There is known a color system where an array or series of different color imaging stations are aligned above an endless belt. Each station contains an upper positioned raster output scanner (ROS), and below the ROS an imaging station comprising a photoreceptor drum, development station, and cleaning station. The ROS emits an electronic beam (laser) which impinges on the rotating photoconductive drum, thereby causing that location on the drum to undergo a change in electrical charge. As the drum continues to rotate past the development station, toner particles of a color which is unique to that imaging station will attach to the drum at the location charged by the ROS. This colored image is then transferred to an intermediate transfer belt that is passing by, and in contact with, the photoreceptor drum. As the intermediate belt passes by the different imaging stations (each usually containing a different color) it picks up subsequent color layers to create a complete color image which is then transferred to media.
Each colored beam must be in substantial registration with the other beams deposited on the belt for a final color copy. This registration is monitored by a sensor(s) to ensure proper alignment. If any color needs to be re-aligned or skewed, the ROS or imaging station is moved accordingly. In one embodiment there are also two sensors (Mark On Belt, or MOB sensors) that are fixed in position to a point on the machine frame, such that the colored images pass within view of these sensors. These sensors serve to detect the misregistration or misalignment between colors. The actuation of the deskew portion of the correction is performed via either a ROS mechanism or with an imaging station deskew mechanism, as in this invention. Each ROS unit and imaging station has its own motor so that they could independently be skewed for image alignment. This type of color system having an array of ROS units is generally described in U.S. Pat. No. 6,418,286 and is incorporated by reference into this disclosure.
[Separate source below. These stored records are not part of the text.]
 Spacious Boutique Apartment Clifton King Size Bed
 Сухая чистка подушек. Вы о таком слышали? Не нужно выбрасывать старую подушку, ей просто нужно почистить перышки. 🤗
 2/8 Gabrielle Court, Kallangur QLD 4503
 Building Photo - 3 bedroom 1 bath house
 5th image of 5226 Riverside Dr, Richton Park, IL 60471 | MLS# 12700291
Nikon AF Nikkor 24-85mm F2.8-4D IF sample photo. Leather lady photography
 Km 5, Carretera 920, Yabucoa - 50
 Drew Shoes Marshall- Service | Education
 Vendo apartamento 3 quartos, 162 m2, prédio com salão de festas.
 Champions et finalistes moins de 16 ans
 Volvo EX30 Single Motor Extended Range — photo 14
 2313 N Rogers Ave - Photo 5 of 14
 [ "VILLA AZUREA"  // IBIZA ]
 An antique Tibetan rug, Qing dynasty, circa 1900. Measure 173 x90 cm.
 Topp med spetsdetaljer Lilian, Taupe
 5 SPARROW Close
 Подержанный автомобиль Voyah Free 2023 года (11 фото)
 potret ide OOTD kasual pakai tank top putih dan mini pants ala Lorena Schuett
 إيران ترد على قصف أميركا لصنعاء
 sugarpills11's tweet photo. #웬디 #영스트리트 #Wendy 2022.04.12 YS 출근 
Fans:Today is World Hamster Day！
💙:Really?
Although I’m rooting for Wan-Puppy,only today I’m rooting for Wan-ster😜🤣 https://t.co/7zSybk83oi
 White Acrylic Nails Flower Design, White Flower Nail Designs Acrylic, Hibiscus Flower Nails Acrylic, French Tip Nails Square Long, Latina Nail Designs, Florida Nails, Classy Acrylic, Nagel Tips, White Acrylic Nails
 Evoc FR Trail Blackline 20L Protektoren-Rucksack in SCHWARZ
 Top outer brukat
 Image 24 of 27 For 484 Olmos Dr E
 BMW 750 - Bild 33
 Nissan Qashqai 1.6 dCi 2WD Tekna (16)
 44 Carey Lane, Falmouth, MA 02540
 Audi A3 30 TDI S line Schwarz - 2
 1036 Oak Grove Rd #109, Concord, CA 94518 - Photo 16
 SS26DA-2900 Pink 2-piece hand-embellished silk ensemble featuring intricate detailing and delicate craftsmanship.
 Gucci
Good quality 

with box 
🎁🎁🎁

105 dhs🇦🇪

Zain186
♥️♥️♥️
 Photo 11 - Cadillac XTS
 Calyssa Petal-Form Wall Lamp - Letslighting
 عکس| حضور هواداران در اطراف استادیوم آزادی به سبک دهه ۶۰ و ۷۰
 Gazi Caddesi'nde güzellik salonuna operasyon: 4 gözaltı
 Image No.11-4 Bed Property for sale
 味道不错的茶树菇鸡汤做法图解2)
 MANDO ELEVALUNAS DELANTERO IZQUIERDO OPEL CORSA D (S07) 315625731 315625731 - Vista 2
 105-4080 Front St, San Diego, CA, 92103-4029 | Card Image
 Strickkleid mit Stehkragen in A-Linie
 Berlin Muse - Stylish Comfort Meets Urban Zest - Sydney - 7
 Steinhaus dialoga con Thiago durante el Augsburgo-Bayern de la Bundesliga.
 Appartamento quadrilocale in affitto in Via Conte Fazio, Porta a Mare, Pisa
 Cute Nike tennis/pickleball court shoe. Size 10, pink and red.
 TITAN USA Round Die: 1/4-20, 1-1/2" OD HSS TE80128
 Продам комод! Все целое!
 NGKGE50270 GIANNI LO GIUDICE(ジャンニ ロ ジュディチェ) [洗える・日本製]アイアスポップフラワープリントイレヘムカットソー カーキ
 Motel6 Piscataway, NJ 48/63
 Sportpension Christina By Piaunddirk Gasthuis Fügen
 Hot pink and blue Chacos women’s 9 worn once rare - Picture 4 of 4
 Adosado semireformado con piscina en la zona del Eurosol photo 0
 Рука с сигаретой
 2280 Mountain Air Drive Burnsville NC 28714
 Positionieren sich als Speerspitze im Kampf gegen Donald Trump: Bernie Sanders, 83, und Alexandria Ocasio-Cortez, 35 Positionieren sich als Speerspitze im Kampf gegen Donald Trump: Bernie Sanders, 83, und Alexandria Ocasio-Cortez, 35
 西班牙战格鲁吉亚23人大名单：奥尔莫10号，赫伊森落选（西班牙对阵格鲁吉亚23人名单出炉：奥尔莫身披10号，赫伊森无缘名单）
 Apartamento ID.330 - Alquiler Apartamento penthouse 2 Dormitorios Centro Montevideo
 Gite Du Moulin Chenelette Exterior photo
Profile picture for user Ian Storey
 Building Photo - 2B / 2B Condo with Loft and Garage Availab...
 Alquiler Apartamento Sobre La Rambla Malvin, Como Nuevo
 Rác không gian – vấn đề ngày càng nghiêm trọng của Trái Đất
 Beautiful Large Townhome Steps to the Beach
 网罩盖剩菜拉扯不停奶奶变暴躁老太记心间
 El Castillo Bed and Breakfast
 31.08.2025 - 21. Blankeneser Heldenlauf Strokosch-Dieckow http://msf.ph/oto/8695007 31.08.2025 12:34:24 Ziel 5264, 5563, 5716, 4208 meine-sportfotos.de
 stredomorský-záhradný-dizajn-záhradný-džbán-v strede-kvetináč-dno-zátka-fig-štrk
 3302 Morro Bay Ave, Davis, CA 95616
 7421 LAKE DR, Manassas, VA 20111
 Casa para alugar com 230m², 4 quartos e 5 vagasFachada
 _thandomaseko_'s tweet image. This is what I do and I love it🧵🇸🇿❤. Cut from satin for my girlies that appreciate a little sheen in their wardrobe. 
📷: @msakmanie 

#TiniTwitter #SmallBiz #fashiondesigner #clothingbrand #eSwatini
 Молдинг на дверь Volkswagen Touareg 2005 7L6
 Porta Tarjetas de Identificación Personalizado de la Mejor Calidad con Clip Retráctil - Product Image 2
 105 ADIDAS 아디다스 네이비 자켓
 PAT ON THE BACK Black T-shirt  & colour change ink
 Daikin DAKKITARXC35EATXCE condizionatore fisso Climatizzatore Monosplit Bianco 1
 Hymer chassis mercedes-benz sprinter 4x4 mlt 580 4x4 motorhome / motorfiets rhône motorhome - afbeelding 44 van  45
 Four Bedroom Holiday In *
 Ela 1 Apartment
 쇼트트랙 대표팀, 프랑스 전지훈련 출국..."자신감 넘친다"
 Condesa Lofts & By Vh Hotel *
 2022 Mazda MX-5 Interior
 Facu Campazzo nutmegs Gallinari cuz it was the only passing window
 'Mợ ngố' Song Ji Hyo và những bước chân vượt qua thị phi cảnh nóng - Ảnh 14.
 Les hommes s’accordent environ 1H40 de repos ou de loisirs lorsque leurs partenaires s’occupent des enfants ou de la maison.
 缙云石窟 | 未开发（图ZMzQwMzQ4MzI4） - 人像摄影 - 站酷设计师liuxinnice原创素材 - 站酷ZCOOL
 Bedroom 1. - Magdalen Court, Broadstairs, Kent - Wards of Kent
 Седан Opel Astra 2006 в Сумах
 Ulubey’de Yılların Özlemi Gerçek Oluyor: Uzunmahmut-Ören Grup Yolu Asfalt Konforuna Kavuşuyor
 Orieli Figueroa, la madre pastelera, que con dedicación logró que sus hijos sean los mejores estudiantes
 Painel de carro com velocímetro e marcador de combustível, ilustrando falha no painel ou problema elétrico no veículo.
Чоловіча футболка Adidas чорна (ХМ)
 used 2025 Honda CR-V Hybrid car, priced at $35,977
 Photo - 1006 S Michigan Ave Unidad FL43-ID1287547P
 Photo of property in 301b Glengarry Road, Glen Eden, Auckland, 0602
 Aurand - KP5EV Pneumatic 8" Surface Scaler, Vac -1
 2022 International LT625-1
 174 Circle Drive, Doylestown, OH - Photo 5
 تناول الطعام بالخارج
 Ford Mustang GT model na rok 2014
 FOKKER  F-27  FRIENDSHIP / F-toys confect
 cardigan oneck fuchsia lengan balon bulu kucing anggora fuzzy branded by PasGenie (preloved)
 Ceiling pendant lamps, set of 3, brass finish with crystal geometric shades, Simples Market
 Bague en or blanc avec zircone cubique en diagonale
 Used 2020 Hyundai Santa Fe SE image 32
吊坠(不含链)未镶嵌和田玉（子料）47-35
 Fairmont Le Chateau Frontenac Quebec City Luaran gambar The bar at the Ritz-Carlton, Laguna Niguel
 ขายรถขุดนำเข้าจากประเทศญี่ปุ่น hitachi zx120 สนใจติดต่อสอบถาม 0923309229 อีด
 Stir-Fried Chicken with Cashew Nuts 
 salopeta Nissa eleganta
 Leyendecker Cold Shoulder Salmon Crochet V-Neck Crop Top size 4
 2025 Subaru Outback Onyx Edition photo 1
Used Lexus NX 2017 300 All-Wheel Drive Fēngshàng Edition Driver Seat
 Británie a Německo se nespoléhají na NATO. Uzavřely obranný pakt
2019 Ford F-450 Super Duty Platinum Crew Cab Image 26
Also, in U.S. application Ser. Nos. 12/053,704 and 12/053,753 structures and systems for deskewing the movable ROS unit are disclosed. The present invention involves a stationary ROS unit and a movable imaging station below said ROS (Raster Output Scanner). The disclosures of Ser. Nos. 12/053,704 and 12/053,753 are incorporated herein by reference.
As noted above, the color image deposited on the drum is subsequently deposited onto the belt. As the drum continues to rotate, it passes through the development station with a latent image which causes toner to stick to the drum where the electrical discharging (by the ROS) has taken place. The drum further rotates until the image is in contact with this intermediate transfer belt where the image is transferred from the drum to the belt. Each of the six or plurality of imaging stations deposits its own color and subsequently movement of the belt is moved past each of the imaging stations and allows each of the color separations to be deposited in turn. Thus, when the colors are out of alignment as indicated by sensors, the image needs to be skewed as does the image beam. By placing registration images side by side on the intermediate belt, the MOB sensors will indicate (to a controller or to a motor adjacent each unit), how much each imaging station needs to be skewed to provide the optimum color-to-color registration deposited on the belt by the six or several ROS-imaging station units.
When these units in the prior art are not robust to vibration sources within the imaging system, they cause “banding”. These prior art units are susceptible to vertical vibration which generally causes imprecise image deposition. By “banding” is meant a series of dark and light image lines causing image quality defects or color variations. The present invention involves an improved ROS fixed mounting and a movable imaging station skew adjustment mechanism.